Thanks for sharing this.

I remember a German science podcast that analysed AG1 in the lab, and the pattern was very similar: it was solid for basic vitamins, but many of the "fancy" ingredients were in such low doses that they were either below detection or far away from what's used in clinical trials .https://www.quarks.de/podcast/quarks-science-cops-der-fall-ag1-von-athletic-greens/

The more I read the literature, the more my own stack seems to get boring. When you look at chicory inulin or resistant starch, you see loads of RCTs with clear dose–response relationships: You can reliably shift the levels of bifidobacteria, stool patterns and even glucose/insulin dynamics by eating 3–20 g/day inulin or 15–30 g/day resistant starch, and the monthly cost is much lower. 

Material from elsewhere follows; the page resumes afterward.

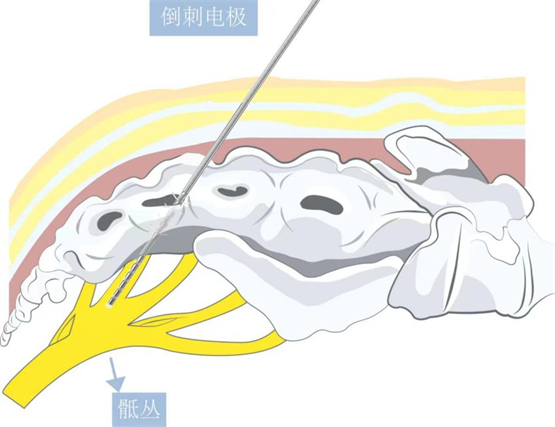 庆祝全球首例六触点骶神经调控（SacralStim）手术在中国康复研究中心顺利开展
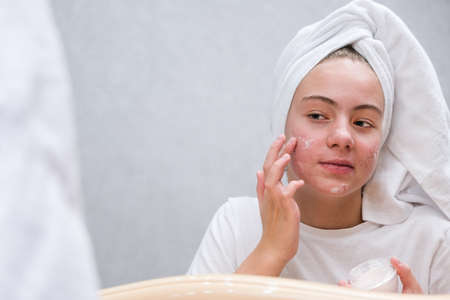 acne. A teenage girl applying cream to the problematic skinの写真素材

Actually, Medicom got the ball rolling on resistant corn starch (Fibersol-2) years ago. I took it regularly, but the market wasn't ready – there was no trend and no education. Now that things are finally moving on, we've brought s new fibre complex back with Fibersol 2, Inulin and Fibregum.

At the end of the day, greens powders like AG1 are probably fine as an expensive multivitamin for people who like the ritual. But if someone's after specific gut and metabolic effects, I'd rather see them start with simple, well-dosed fibres and whole foods – and save the money for labs, movement and sleep.